I had plenty of time to reflect on what caused the ankle issue–both the tendonitis and the torn tendon–and have some suspicions. I’d decided to focus on my running in the fall, in an attempt to become less of a clomper. I invested in a pair of Newtons (and at $175 a pair, they ARE an investment) and built slowly in them, trying to focus on more of a forefoot strike. It think this was my downfall. Structurally, every physical therapist, chiropractor, and podiatrist I’ve seen has remarked on my overly-flexible ankles, saying I have very loose ligaments in my ankles that translate to too much “give.” It’s the reason I can’t wear heels (picture a wobbly baby goat), can’t ice skate, can’t rollerblade. If you think about it, focusing too much on an exaggerated forefoot strike with such “weak” ankles results in the stress of nearly my entire body weight coming down on those collapsing ankles. Is it any wonder I was in such pain? Needless to say, the Newtons have been donated.

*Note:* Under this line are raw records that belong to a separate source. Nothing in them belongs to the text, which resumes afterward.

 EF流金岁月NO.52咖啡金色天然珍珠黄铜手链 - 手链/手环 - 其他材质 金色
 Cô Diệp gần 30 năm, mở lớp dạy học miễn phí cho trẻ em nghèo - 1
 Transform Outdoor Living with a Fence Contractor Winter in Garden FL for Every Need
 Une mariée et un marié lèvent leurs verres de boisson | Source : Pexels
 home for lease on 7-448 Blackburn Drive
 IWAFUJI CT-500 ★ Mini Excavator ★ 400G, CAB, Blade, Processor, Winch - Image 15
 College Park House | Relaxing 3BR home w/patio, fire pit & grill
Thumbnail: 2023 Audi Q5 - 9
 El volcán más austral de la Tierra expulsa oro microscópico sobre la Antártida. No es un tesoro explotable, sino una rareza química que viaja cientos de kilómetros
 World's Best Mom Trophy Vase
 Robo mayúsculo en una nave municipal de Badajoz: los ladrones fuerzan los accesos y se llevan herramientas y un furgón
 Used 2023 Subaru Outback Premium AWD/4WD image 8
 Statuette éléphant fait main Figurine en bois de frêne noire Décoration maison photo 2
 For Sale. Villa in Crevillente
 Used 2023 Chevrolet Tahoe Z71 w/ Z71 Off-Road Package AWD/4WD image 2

So triathlon-wise, 2010 was a downer. It was my first year since 2004 without a triathlon, and broke my five-year streak of completing at least a half Ironman every year. On the up side, I did find myself with a lot more free time on my hands, and a lot less laundry to do each weekend. In a way I got some life balance back, and enjoyed not obsessing over missed workouts and upcoming races. The whole time, though, I had a nagging sense of fear and guilt. What if I learned to enjoy this laid-back schedule too much? What if the whole triathlon thing was just a phase in my life– and one that was ending?
I wanted to hang on to the new-found balance, but wanted my old sense of fitness back as well–that feeling that I could dash out the door at any time for an easy ten miler and crank out a half Ironman each summer without much extra training. The challenge, as always, is in finding the middle ground.